The Discount Tire Rally on the Rocks is an event that’s come into popularity the last several years, held each May and drawing hundreds of UTVs and quads. Grand County has control over it, in that the rally requires a special events permit in order to be held. It’s based at the Old Spanish Trail Arena, and it’s one of Moab’s numerous economic boons. But many folks who live in Moab and throughout Spanish Valley have come to brace themselves the most when the rally is held. They notice the distinction of a harsher, more obnoxious motorized crowd than even what goes on during Easter Jeep Safari. It is true; most over-the-road vehicles’ motors are muffled more than the off-roading types.
I didn’t like it several years ago when the Utah Legislature made it permissible for all-terrain toys to be driven on public roads. But I see their argument: How can a body say that motorcycles and sports cars be allowed when ATVs with similar-sized engines can’t be, especially if such vehicles meet the same safety criteria as other street-legal rigs?
The Moab area’s playground has beckoned the burgeoning part of our population that prefers to explore the vast desert by machine. I’ll reluctantly admit that full-suspension crawlers can most efficiently cover miles of the Colorado Plateau more comfortably and quickly than the Wagoneers I grew up bouncing around in. The open-air models with their big tires and low centers of gravity are fun if a person likes to scramble around the rocks and isn’t skilled on a mountain bike or other mode of transportation.
Rally on the Rocks brings thousands of folks to town, many of whom are registered with the event and many others who play along the fringes. The same is true of Jeep Safari. My guess is that it’s a small percentage of people who attend the festivities who don’t throttle down in town, but it only takes a few revving yayhoo’s to disturb the peace. Those same yayhoos are vacationing in Moab on any given day, in varying degrees. Which is why it’s not fair for the county to single out this one event, even with the pleading of city officials.

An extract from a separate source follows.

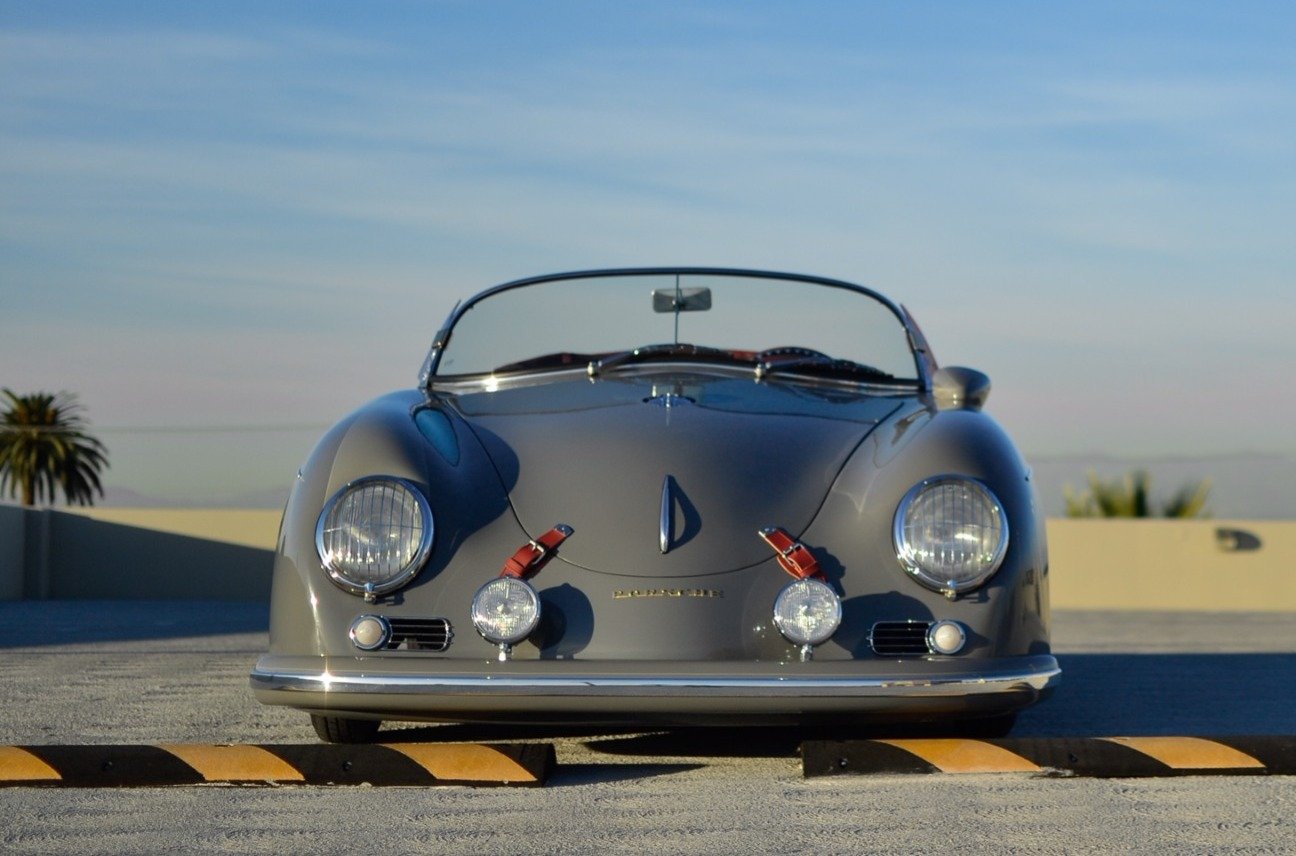 Stylově upravená replika Porsche 356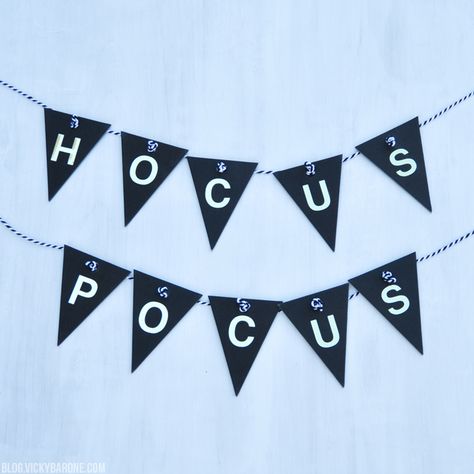 DIY Hocus Pocus Halloween Banner | Vicky Barone Diy Hocus Pocus, Hocus Pocus Halloween, Halloween Is Coming, Witchy Crafts, Halloween Banner, Party Diy, Diy Party Decorations, Hocus Pocus, Diy Party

Yes, it’s true this event is greatly impactful, as is the car show when Main Street becomes as busy as the Vegas strip. Name any event and you can find fault with it. The question is how can we as a community implement controls so that these events don’t overrun our town? Our local governing bodies need to figure out ways to keep the additional buzz from continuing to impact our living spaces. We all need to live peaceably in this wonderful place, and to enact rules that will keep residents from feeling like they’re living aside the Brickyard of the Indianapolis Motor Speedway.
When Moab was first established, its primary route of traffic from north to south went along Main Street to Center, then east to 400 East, then east again onto Mill Creek Drive. This was the old highway. As times changed, Main Street pushed south and no longer used Center Street for through traffic. Adjoining neighborhoods surely got more quiet. But the last few decades have seen a surge of traffic through the east side of town as tourists bike and drive to Hell’s Revenge, Sand Flats, Mill Creek and Slickrock. This is Moab’s closest playground for outdoor enthusiasts, and people get there using residential streets such as 100 South and 300 South.
People have been sensitive to noise for a long time. I don’t like the sounds of the rally either, but to single out the nuisances of this event when there are bothers associated with all of our festivals and activities is just not fair. The county special events committee will be holding a meeting on this event on Aug. 17. I hope some solutions will be proposed among those in favor and against.